▶ [WHAT IS NEEDED] Retype, word for word, the line holding "図7 5歳における担任している学級の人数の総合的な評価" and every line below it to the end of the listing. Leave out the pictures.

▶ [RECORDED INFORMATION]
================
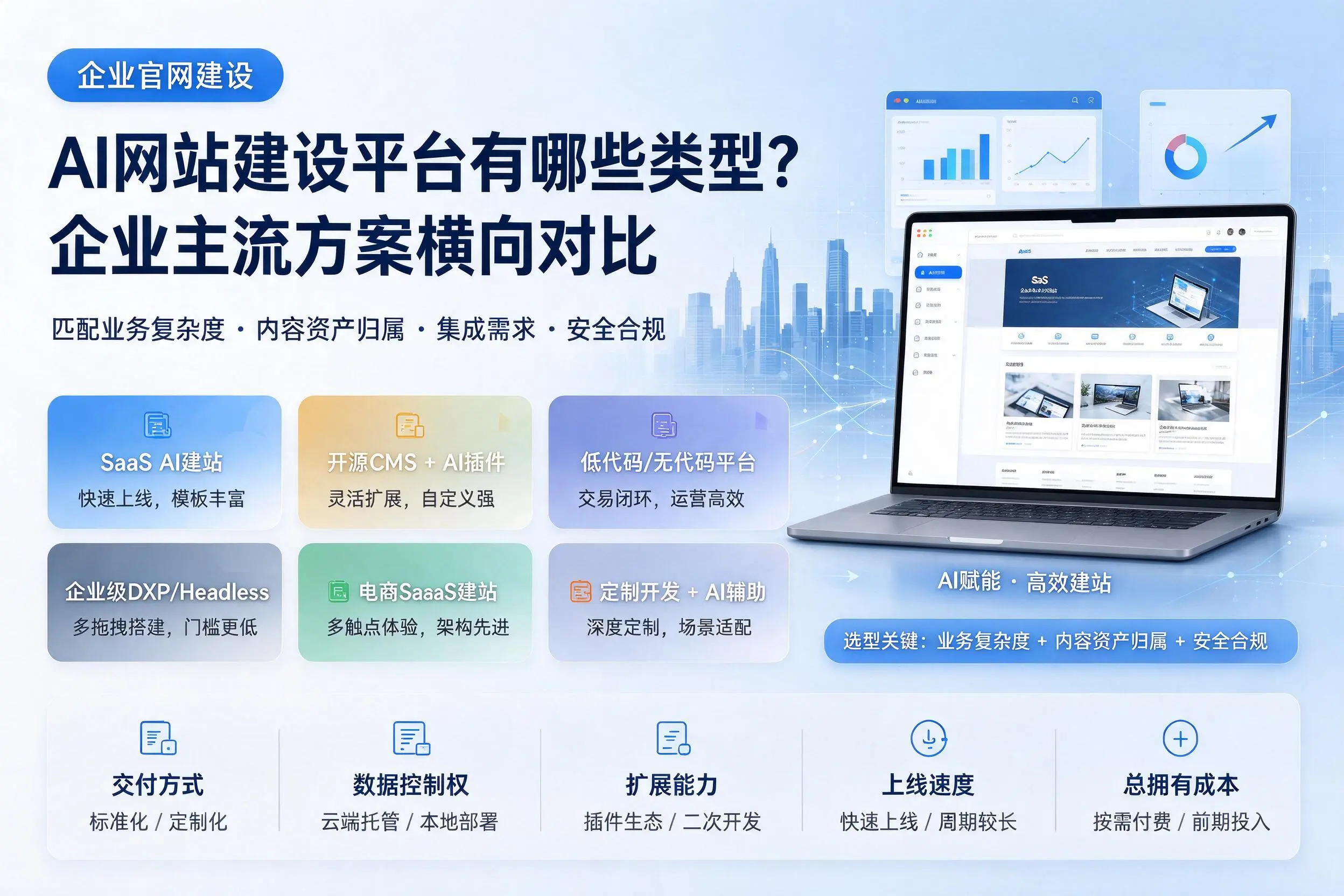 AI网站建设平台有哪些类型？可克达拉企业主流方案横向对比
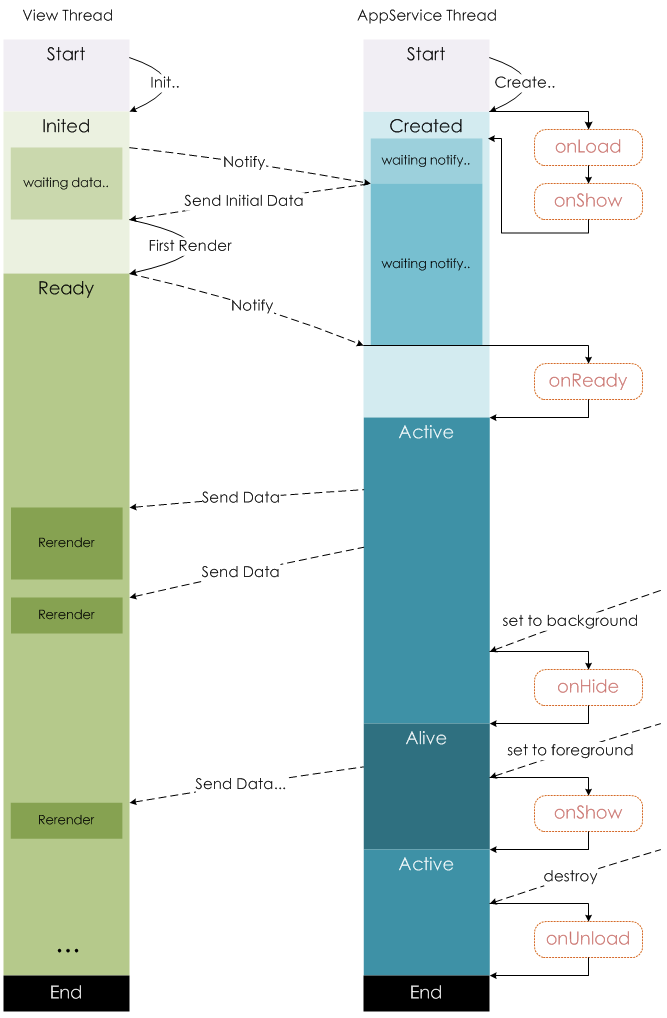 Data initial value. Thread view.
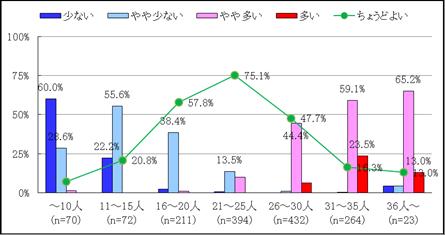 図7 5歳における担任している学級の人数の総合的な評価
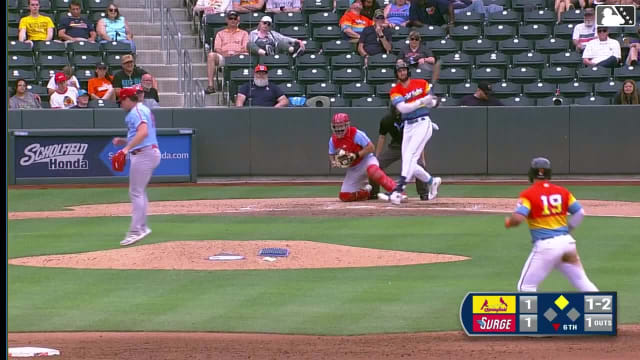 Max Rajcic strikes out seven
================
▶ [EXPECTED ANSWER]
 図7 5歳における担任している学級の人数の総合的な評価
 Max Rajcic strikes out seven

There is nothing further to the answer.